ABOUT THIS TASK:
Would you retype the line that contains "Ideal for those" and all lines following it to the end of the entries below, exactly and without pictures?

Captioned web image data
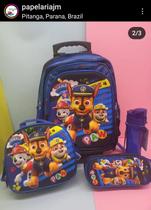 Mochila Escolar kit 3D Lancheira + Estojo Rodinhas auto relevo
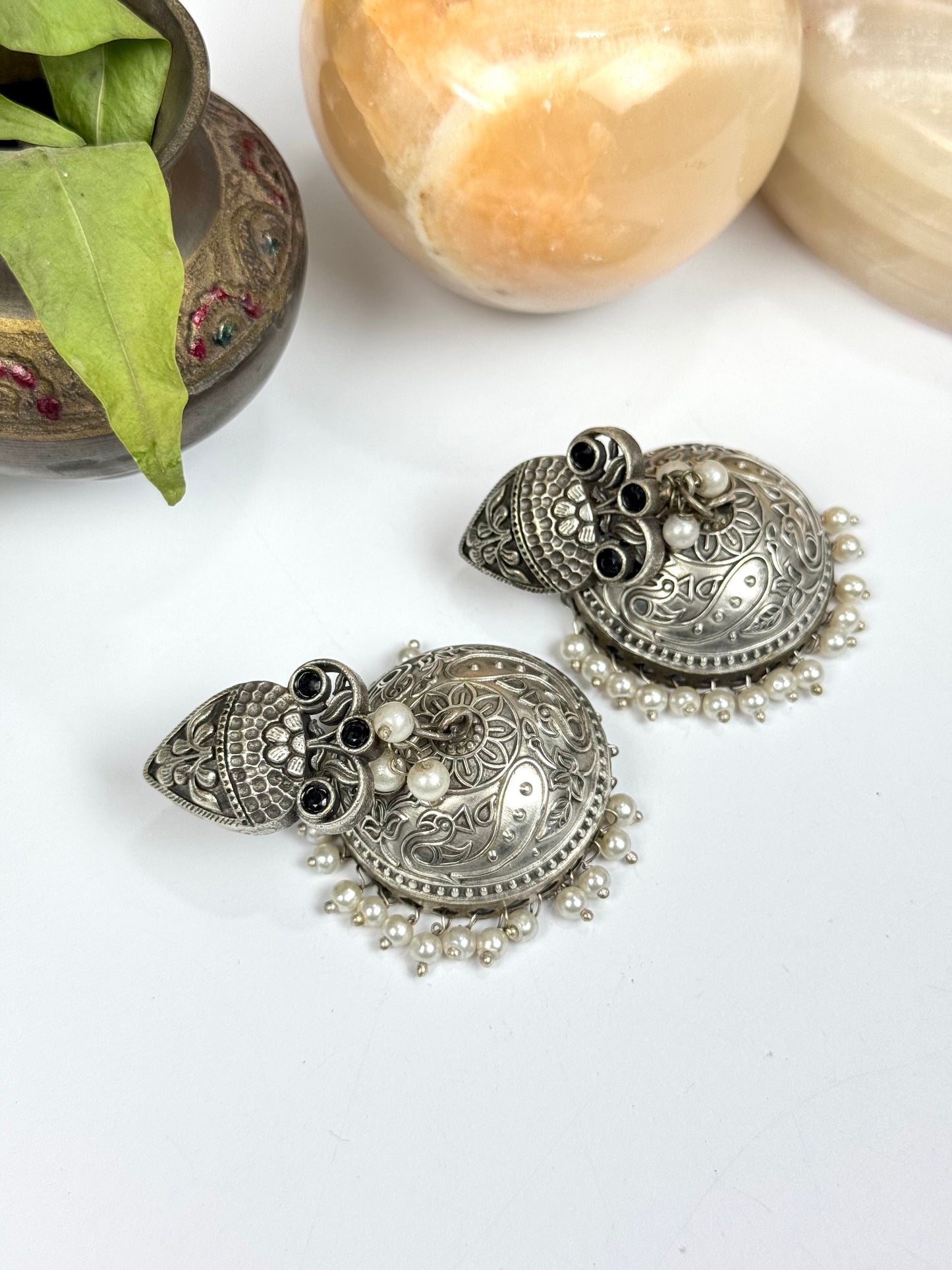 Premium Brass Made oxidised Jhumka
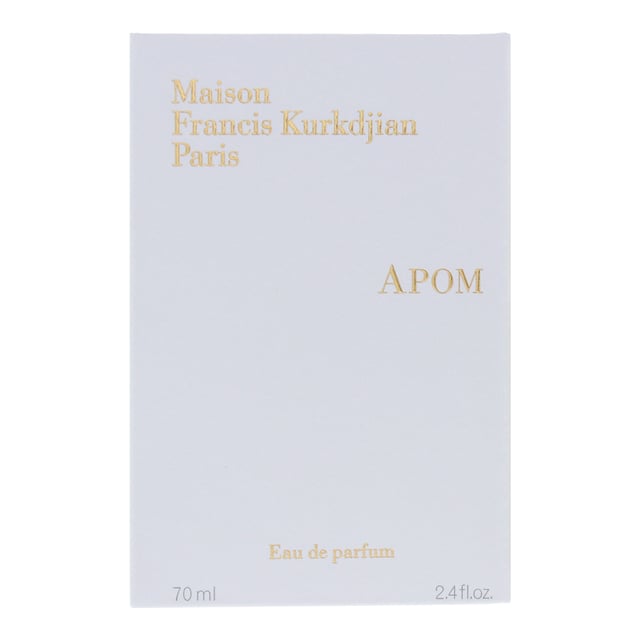 APOM by Maison Francis Kurkdjian is an Oriental Fougere fragrance for women and men. Launched in 2024, this fragrance is ideal for the warmer seasons and best suited for day wear. Encased in a classic sleek bottle, it embodies effortless sophistication and freshness.
The fragrance unfolds with the radiant floral embrace of orange blossom and ylang-ylang, creating a luminous and sensual opening. The soft elegance of lavender adds a refined herbal touch, enhancing the scent’s depth. As it settles, the warm and inviting notes of amber, vanilla, and white musk create a smooth and lingering finish, wrapping the wearer in a comforting yet elegant aura.
Ideal for those who appreciate fresh yet warm fragrances, APOM offers a refined balance of floral, musky, and oriental tones, making it a graceful everyday scent.
Fragrance Notes: Orange Blossom, White Musk, Ylang-Ylang, Amber, Lavender, Vanilla.

How to Apply:
Apply it to your body's warmest points, such as the crease of your elbows and wrists, to intensify the longevity of the fragrance.
Avoid rubbing after application, as this will reduce the longevity of the fragrance.
For wrist application, apply the fragrance after hand washing.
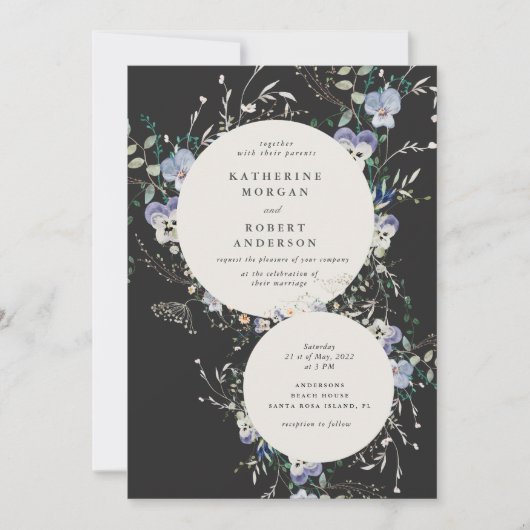 Waterverf Wildflowers Elegante huwelijksuitnodigin Kaart (Voorkant)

EXERCISE OUTPUT:
Ideal for those who appreciate fresh yet warm fragrances, APOM offers a refined balance of floral, musky, and oriental tones, making it a graceful everyday scent.
Fragrance Notes: Orange Blossom, White Musk, Ylang-Ylang, Amber, Lavender, Vanilla.

How to Apply:
Apply it to your body's warmest points, such as the crease of your elbows and wrists, to intensify the longevity of the fragrance.
Avoid rubbing after application, as this will reduce the longevity of the fragrance.
For wrist application, apply the fragrance after hand washing.
 Waterverf Wildflowers Elegante huwelijksuitnodigin Kaart (Voorkant)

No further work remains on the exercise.